• [Work required] The output is the lines below from the one with "Look Alike Earcuff" through the one with "Maravillosa casa de", both included, printed exactly and with no other line.
━━━━━ Data shown ━━━━━
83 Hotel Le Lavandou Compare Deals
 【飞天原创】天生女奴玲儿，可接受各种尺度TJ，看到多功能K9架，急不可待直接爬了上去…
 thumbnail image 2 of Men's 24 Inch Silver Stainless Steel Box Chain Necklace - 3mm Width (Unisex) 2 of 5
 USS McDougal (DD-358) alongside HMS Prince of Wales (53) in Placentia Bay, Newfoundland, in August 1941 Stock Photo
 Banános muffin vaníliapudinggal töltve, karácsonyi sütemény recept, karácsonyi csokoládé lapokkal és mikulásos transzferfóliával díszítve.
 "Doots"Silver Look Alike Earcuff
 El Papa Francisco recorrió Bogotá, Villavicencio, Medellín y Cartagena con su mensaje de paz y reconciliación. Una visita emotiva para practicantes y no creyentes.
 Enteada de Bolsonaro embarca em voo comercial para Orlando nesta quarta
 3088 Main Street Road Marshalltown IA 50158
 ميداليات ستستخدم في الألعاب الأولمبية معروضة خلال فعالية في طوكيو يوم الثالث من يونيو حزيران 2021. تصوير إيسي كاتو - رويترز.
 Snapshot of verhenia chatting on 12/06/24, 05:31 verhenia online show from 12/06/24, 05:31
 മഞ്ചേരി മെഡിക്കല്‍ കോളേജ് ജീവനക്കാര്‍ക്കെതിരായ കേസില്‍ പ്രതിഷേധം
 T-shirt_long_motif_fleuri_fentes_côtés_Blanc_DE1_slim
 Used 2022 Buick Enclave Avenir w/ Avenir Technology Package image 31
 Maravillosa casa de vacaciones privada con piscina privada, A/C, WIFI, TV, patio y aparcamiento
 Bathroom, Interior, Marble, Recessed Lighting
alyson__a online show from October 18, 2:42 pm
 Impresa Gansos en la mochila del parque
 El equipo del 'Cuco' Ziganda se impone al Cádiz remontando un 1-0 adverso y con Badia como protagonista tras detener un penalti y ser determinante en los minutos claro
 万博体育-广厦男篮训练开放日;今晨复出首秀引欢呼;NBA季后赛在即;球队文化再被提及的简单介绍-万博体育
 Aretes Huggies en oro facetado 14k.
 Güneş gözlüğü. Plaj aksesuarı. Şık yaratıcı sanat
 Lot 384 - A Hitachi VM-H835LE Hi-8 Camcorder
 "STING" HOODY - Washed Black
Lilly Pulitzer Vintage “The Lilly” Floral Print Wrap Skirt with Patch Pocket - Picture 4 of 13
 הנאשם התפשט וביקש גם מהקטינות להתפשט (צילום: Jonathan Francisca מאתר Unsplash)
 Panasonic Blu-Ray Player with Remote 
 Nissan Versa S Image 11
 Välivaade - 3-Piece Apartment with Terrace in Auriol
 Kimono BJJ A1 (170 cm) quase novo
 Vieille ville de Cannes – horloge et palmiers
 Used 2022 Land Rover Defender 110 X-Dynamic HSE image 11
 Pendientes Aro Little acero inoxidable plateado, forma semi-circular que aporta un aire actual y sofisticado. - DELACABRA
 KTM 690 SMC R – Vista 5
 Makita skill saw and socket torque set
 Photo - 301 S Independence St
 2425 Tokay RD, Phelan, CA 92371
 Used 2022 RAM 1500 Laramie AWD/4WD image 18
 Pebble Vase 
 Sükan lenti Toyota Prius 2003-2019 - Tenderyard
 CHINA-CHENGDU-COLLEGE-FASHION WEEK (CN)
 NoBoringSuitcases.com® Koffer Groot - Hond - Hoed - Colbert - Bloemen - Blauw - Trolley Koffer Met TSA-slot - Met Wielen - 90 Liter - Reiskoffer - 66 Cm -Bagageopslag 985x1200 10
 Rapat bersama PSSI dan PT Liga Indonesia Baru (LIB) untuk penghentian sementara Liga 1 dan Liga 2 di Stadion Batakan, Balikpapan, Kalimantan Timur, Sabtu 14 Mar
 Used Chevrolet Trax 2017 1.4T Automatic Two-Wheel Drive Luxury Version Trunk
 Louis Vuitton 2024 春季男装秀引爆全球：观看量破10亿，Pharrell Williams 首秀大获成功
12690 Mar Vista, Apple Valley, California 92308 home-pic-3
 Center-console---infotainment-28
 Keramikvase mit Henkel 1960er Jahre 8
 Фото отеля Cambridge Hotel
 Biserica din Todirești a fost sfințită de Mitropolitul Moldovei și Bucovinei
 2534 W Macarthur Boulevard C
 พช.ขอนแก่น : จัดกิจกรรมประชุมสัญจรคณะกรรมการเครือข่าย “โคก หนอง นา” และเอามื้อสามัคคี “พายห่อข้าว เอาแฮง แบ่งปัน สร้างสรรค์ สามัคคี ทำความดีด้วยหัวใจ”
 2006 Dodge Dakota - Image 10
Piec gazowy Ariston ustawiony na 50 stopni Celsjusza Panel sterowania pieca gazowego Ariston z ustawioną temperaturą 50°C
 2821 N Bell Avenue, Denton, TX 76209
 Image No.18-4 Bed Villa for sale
━━━━━
• [Written reply]
 "Doots"Silver Look Alike Earcuff
 El Papa Francisco recorrió Bogotá, Villavicencio, Medellín y Cartagena con su mensaje de paz y reconciliación. Una visita emotiva para practicantes y no creyentes.
 Enteada de Bolsonaro embarca em voo comercial para Orlando nesta quarta
 3088 Main Street Road Marshalltown IA 50158
 ميداليات ستستخدم في الألعاب الأولمبية معروضة خلال فعالية في طوكيو يوم الثالث من يونيو حزيران 2021. تصوير إيسي كاتو - رويترز.
 Snapshot of verhenia chatting on 12/06/24, 05:31 verhenia online show from 12/06/24, 05:31
 മഞ്ചേരി മെഡിക്കല്‍ കോളേജ് ജീവനക്കാര്‍ക്കെതിരായ കേസില്‍ പ്രതിഷേധം
 T-shirt_long_motif_fleuri_fentes_côtés_Blanc_DE1_slim
 Used 2022 Buick Enclave Avenir w/ Avenir Technology Package image 31
 Maravillosa casa de vacaciones privada con piscina privada, A/C, WIFI, TV, patio y aparcamiento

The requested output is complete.